▸ Prompt
Scan the records below for the line with "华为手机荣耀x21,华为x2麒麟9000怎么样" and the line with "Working on a character rig in Blender", and retype that range exactly, both ends included, pictures excepted.

▸ Dataset content
▶

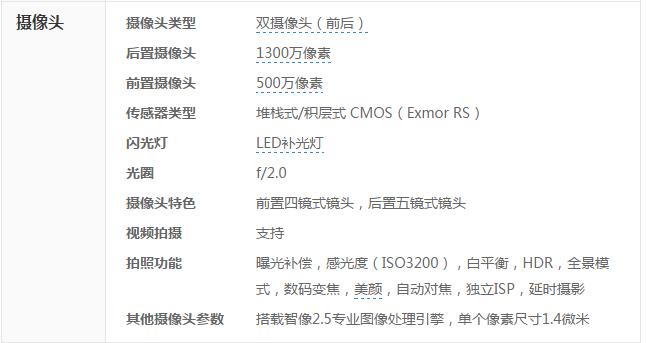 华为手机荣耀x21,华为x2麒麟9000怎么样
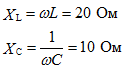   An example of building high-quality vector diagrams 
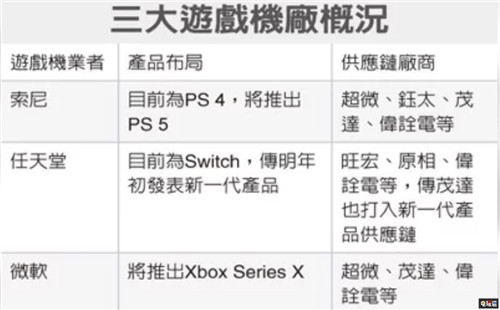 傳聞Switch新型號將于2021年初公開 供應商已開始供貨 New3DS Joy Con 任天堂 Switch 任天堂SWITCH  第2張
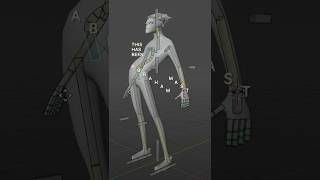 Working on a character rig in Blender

◀
▶

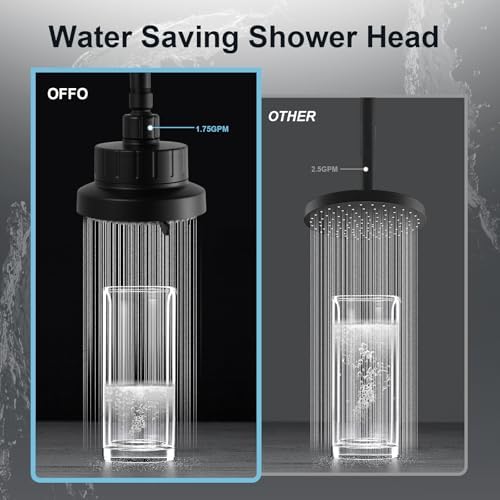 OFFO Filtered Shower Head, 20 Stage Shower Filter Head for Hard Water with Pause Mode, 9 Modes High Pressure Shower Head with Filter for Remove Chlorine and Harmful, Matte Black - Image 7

◀
▶

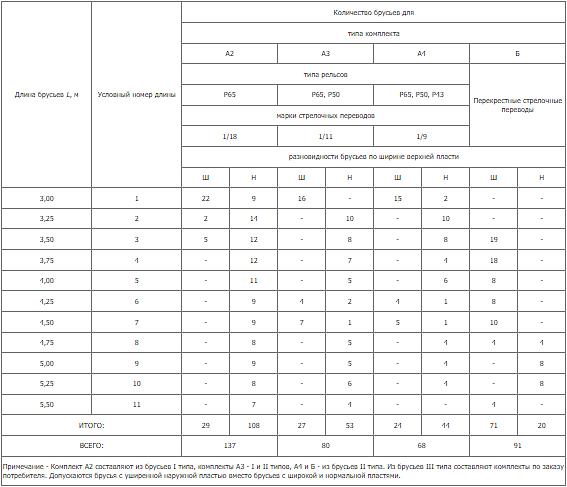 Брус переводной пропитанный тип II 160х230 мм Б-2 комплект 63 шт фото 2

◀

▸ Task output
 华为手机荣耀x21,华为x2麒麟9000怎么样
   An example of building high-quality vector diagrams 
 傳聞Switch新型號將于2021年初公開 供應商已開始供貨 New3DS Joy Con 任天堂 Switch 任天堂SWITCH  第2張
 Working on a character rig in Blender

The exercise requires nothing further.